Yes indeed. The arguments against the decision fall into several categories, none of which withstand much scrutiny:
Unlimited corporate speech leads to corruption. Fearing a torrent of corporate cash to achieve their election defeat, Congressman will knuckle under to corporate demands. Alternatively, Congressmen can reap the benefits of corporate money spent in their favor. Here, Congressmen are basically saying "stop me before I take a bribe again." There is no corruption problem if Congressmen are not corrupt, and the solution to that problem is to punish corruption or, much more saliently, to remove the opportunities for corruption by ending Congress's capacity to take loot from one party and give it to another. The implied contempt for John Q. Public -- that public opinion can be rolled by the expenditure of enough cash -- is also striking.

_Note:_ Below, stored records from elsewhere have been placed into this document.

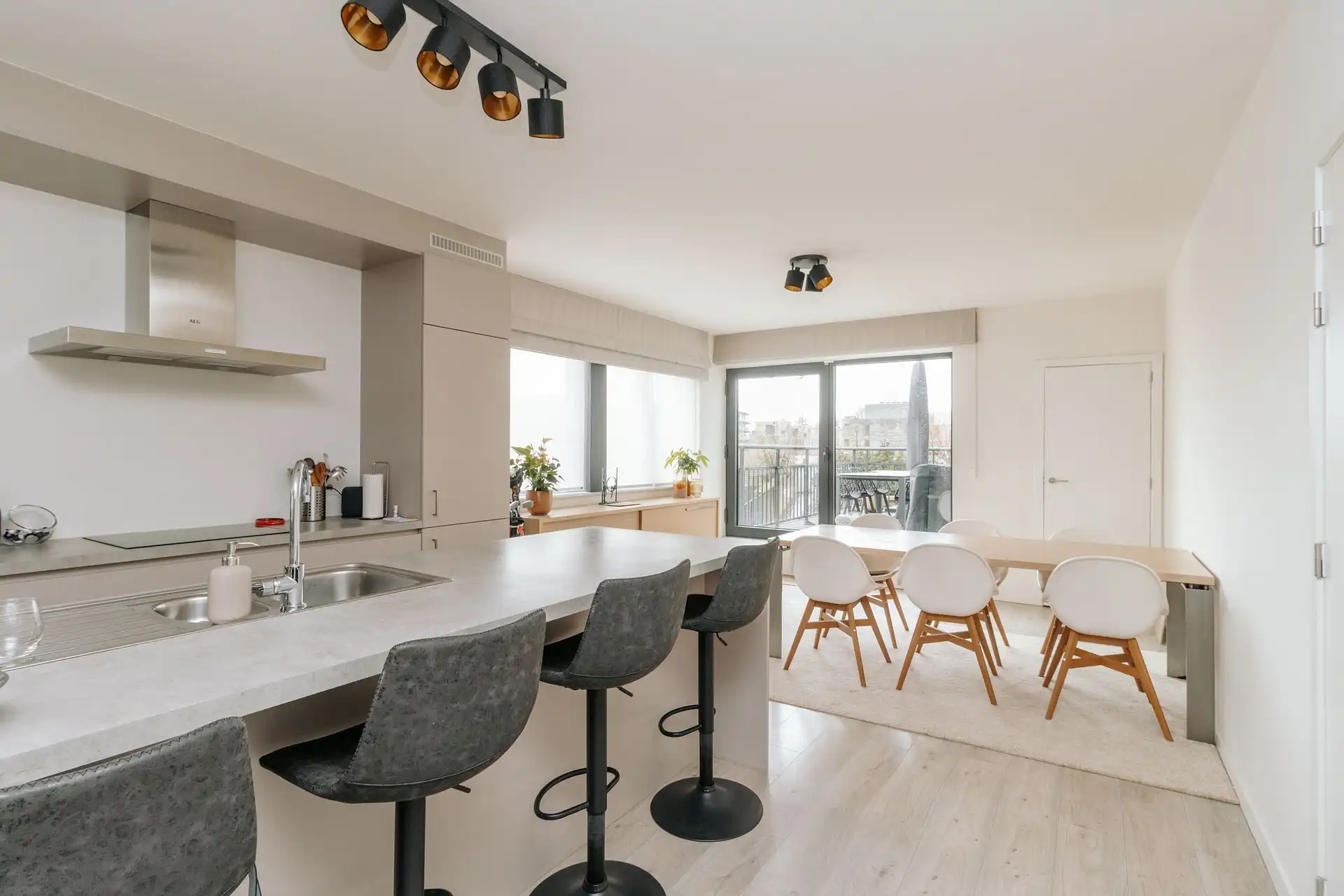 Modern duplexappartement te Boechout. foto 2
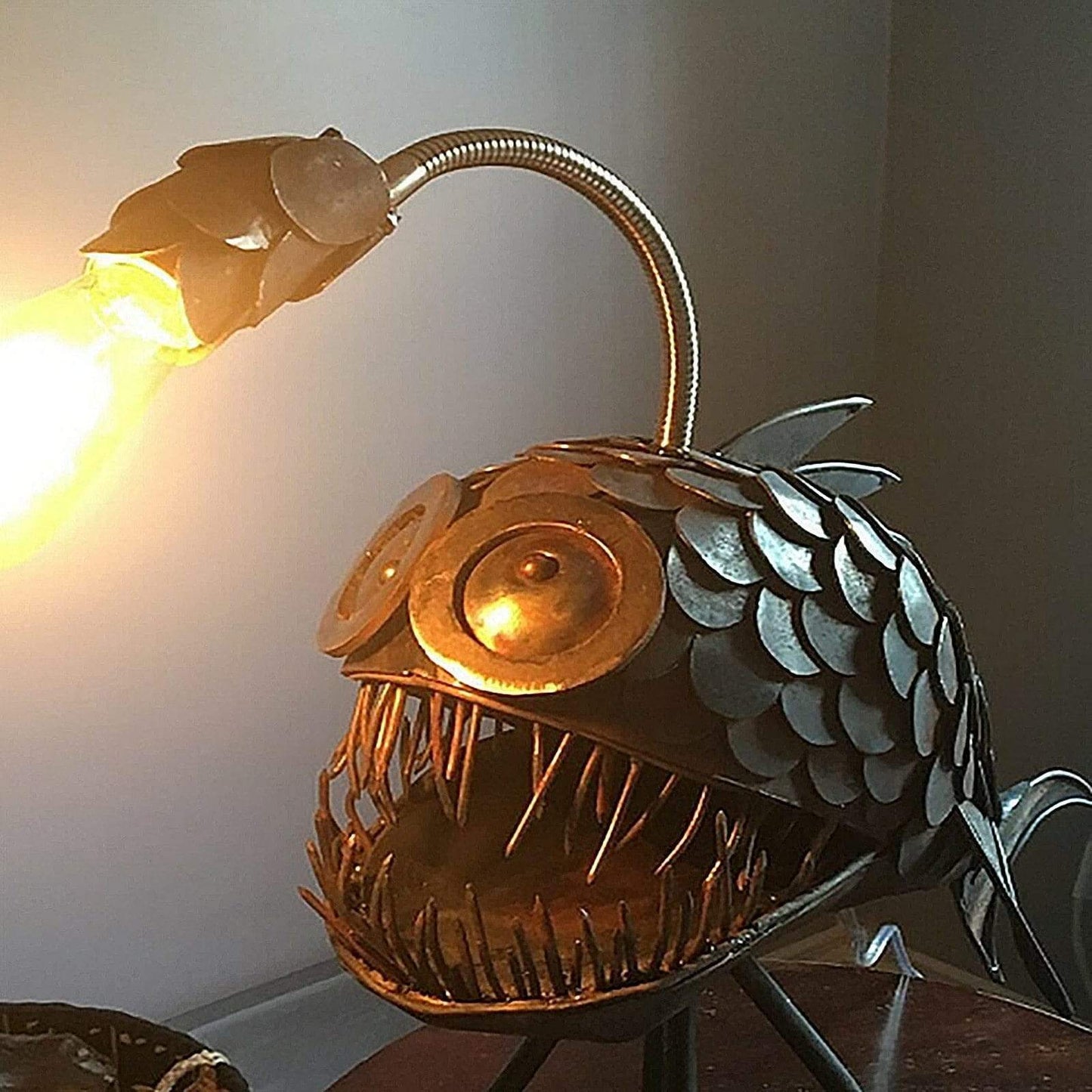 Anglerfish lamp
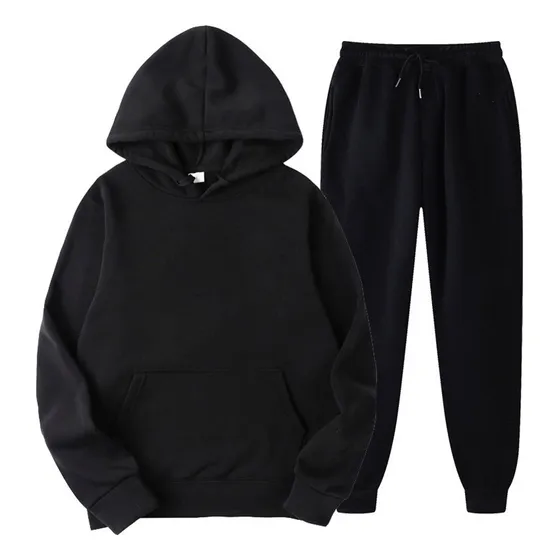Conjunto Deportivo Jogging Pantalón Buzo Canguro Capucha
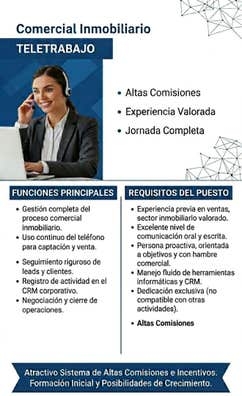 Comercial Inmobiliario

Corporations will drown everyone else out. Corporations have money, and no other voices will be heard. Senator Menendez of New Jersey opined that "We must look at legislative ways to make sure the ledger is not tipped so far for corporate interests that citizens' voices are drowned out." Alas, the First Amendment oes not read "Congress will make sure everybody gets a turn, because otherwise it's no fair." Instead, it reads, movingly in its simplicity, "Congress shall make no law abridging freedom of speech." So Senator Menendez's "legislative ways" will have to take account of that.
Indeed, the speech that is backed by the most resources is not the speech of large corporations, but the speech of Congressmen themselves. The media crave interviews with politicians, who also use public resources to communicate with constituents. Every blowhard senator or representative who rushes to a microphone to condemn this decision needs to realize that what it is about is the power of people argue for their defeat, and that campaign-finance law is one big incumbency-protection racket.
Corporations ain't people. No, but the people who compose them are. A group of citizens who unite for a particular purpose and call themselves "Citizens against Corporate Slavery” certainly has the right to issue a statement and to give money to politicians in the name of that group. So does a group of citizens who unite for a particular purpose and call themselves "Google." The First Amendment makes no distinction among for-profit associations and associations formed for other purposes. Period. It is true that some shareholders or employees may object to a statement issued in the name of the group of citizens who unite to call themselves “Google,” but that is true of any group. In a free society, they may exit the group, issue a dissenting statement, or just swallow hard and ignore it. That is no rationale for shutting down the power of the group to speak collectively at all.
Corporations are generally not formed to speak, but when citizens choose to associate that way, and to speak on behalf of that association, their First Amendment rights are not affected in any way. The First Amendment has no asterisks.
Special interests will hijack the legislative process. Tell me another one. President Obama actually used this argument after the decision came down, saying the decision has “given a green light to a new stampede of special interest money in our politics." In short, his agenda is the public interest, and opposition to it is the special interests. This is the oldest rhetorical trick in the collectivist playbook. People who think drug companies should fund the health care of third parties are the public interest, but the companies objecting to it (and people who object to it philosophically) are something else.
As a final aside, Googling "corporate power" and "Citizens United” already yields over 10,000 hits. Sen. Schumer in particular has already said, "The bottom line is this: The Supreme Court has just pre-determined the winners of next November's elections. It won't be Republicans, it won't be Democrats, it will be corporate America." As far as I know he is more or less in the mainstream of current progressive thought. And so the corporations-run-the-world trope appears to be firmly ensconced on center stage in progressive thinking.
So overall, a fabulous day. The only disappointment is the realization, given the accelerating politicization of the law, that this decision is only as good as the next Justice's retirement.